Me detengo un momento para apreciarlo. Cierro los ojos y escucho tu melodía. ¿Tú también la escuchas? Puedo sentir la calidez de tu mano sujetando la mía. Si pudieras, me abrazarías, estoy seguro. Pero no puedes.


Abro los ojos y descubro tu lápida justo donde la dejé.


Sé que tu cuerpo está en el cementerio donde te enterraron tus padres, pero tú querías descansar aquí. Me encerré días en el taller, para grabar tu nombre en este pinche pedazo de madera. Me hice cargo de cada detalle, cada surco, el barniz, la pintura… Ahora no es más que un tabla podrida con tu nombre apenas a la vista.


¿Qué más podía hacer? Tenía quince años, Diana. Quince putos años… No estaba listo. Cómo chingados se te ocurrió dejarme así. Aún no estoy listo. No puedo seguir así, soñándote en cada rincón, hablándole al vacío, implorando que cada sombra sea la tuya.


Acomodo mi maleta junto a la tabla y me recuesto para ver las nubes. Sé que siempre lo hacíamos, pero, siendo honesto, yo sólo me quedaba viendo tu rostro, tu sonrisa, tus anhelos. Al menos estas nubes son mías, aunque te piense en ellas. En sus formas leo nuestra historia una vez más. La alegría, la enfermedad, el hospital y las máquinas. Escucho tu adiós y la alarma que anunció cuando tu corazón dejó de palpitar. Escucho mis gritos y a los doctores desesperados por salvarte, como si mi vacío fuera de ellos. Escucho mi llanto…


Giro el rostro y me enjuago las lágrimas. Es hora.
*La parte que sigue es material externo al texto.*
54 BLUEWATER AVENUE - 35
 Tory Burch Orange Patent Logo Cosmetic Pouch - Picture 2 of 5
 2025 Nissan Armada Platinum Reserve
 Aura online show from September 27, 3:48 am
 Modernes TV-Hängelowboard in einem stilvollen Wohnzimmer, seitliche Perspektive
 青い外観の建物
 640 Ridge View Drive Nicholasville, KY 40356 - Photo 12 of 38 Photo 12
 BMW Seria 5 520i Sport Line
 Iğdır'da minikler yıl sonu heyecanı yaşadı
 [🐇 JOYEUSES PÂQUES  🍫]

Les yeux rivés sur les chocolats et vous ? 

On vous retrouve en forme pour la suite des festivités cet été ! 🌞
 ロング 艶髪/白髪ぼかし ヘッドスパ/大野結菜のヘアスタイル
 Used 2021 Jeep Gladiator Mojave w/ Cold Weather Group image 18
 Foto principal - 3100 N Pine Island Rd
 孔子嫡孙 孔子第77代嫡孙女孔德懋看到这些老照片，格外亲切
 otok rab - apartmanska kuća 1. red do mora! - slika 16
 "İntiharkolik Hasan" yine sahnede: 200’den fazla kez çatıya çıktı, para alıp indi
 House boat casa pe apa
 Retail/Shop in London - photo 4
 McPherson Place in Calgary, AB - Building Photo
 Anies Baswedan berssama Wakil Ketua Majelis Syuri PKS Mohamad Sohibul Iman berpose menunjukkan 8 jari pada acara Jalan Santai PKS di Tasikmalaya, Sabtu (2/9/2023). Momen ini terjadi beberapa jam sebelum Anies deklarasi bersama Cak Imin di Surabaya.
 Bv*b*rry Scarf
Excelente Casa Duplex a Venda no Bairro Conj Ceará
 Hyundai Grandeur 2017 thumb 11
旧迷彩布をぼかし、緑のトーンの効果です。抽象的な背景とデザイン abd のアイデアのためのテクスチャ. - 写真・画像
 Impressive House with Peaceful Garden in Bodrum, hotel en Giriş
Con dolor, me apoyo contra el zacate seco y me doy cuenta de que funcionará perfecto. Abro la maleta, tomo el tanque de gasolina y la esparzo por todos lados. No sé si mi manos están empapadas de ésta o por llorar. Sólo sé que duele el frío, la ausencia, el recuerdo…


Tomo el encendedor que algún día me regalaste y dejo que las llamas consuman el zacate, las risas, todo a su alrededor. El calor golpea sin aviso, como los besos que me dabas; me envuelve en un abrazo del que no quiero escapar.


Retrocedo; no estoy aquí para perderme más. Me dirías que soy un pendejo, que viva mi vida, que siga adelante, y tienes razón.


Regreso por el camino que nos trajo, entre las cenizas que despegan de los dientes de león.